Eine Berechnung der Gebühr für bloße Bescheinigungen KV 25104 wie oben dargestellt erscheint mir persönlich zwar richtiger und überzeugender als die Ansicht des LG Düsseldorf, siehe oben, aber wegen der hohen Gefahr, dass sie im Fall von Notarkostenprüfungen oder Beteiligten-Beschwerden nicht geteilt wird, würde ich sie selbst wohl auch lieber weglassen. Das Problem, das die Gebühr dann auch mit 1,0 doppelt so hoch wäre wie die 0,5-Betreuungsgebühr könnte allerdings dadurch gelöst werden, dass nach § 36 Abs. 1 insoweit nur ein kleiner Teilwert geschätzt wird.

Die von der Themenstarterin genannte Gebühr KV 22124 für Übermittlung sehe ich nicht, wenn man von einem zugrunde liegenden Beurkundungsverfahren mit der Ausgliederung ausgeht und damit dem Anfall der Vollzugsgebühr hat (bzw. nach der Ansicht, die wegen Vorlage der Urkunden keine Vollzugsgebühr sieht, läge nach den Vorbemerkungen zum ersten Abschnitt eine gebührenfreie Tätigkeit vor). Ebenso ist nicht die höhere 0,6-Vollzugsgebühr für XML nach KV 22125 zu berechnen, sondern die "normale" XML-Gebühr KV 22114 mit 0,3 als Gebührensatz.

Derartig schwierige Fragen sollen besser mit vollständigeren Sachverhaltsangaben bei dem wegen des damit verbundenen Zeitaufwands entgeltlich angebotenen Notarkosten-Dienst von mir eingesandt werden, bei dem ich unter Umständen auch durch die gründlichere Prüfung und Berücksichtigung der Kundeninteressen evtl. auch zu günstigeren Ergebnissen kommen könnte (Wes Brot ich ess, des Lied ich sing - Achtung: ist natürlich nur Ironie 8) ) in kleinen preiswerten Kurzgutachten mit Berechnungsvorschlag.

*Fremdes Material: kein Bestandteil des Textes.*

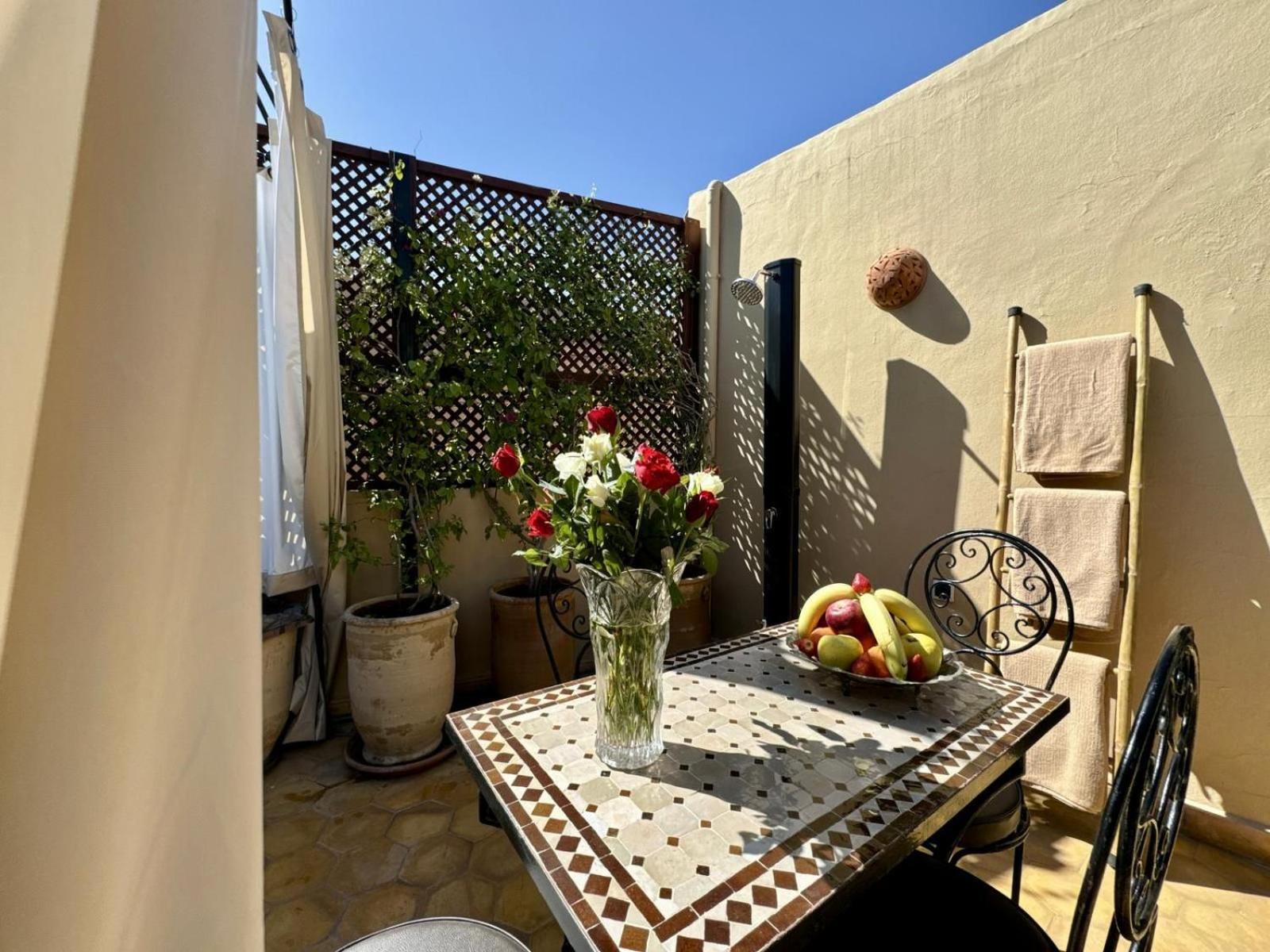 Riad Art De Vivre Avec Jacuzzi マラケシュ エクステリア 写真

Über Hinweise auf Übersehenes oder andere Meinungen zu den interessanten o. a. Fragen, denen ich mit Interesse entgegensehe, freue ich mich.
Fragen zum GNotKG? http://www.filzek.de
Reno1972
Foren-Praktikant(in)
Beiträge: 32
Registriert: 07.02.2011, 11:13
Beruf: Notariatsfachwirtin
Software: RA-Micro

#3

08.08.2016, 09:52

Lieber Herr Filzek,

vielen Dank für die sehr ausführliche Antwort!!

In unserem Fall ist es allerdings so, dass auf eine Gewährung von Anteilen und der damit einhergehenden Kapitalerhöhung verzichtet wurde, so dass keine weitere Liste erstellt wurde.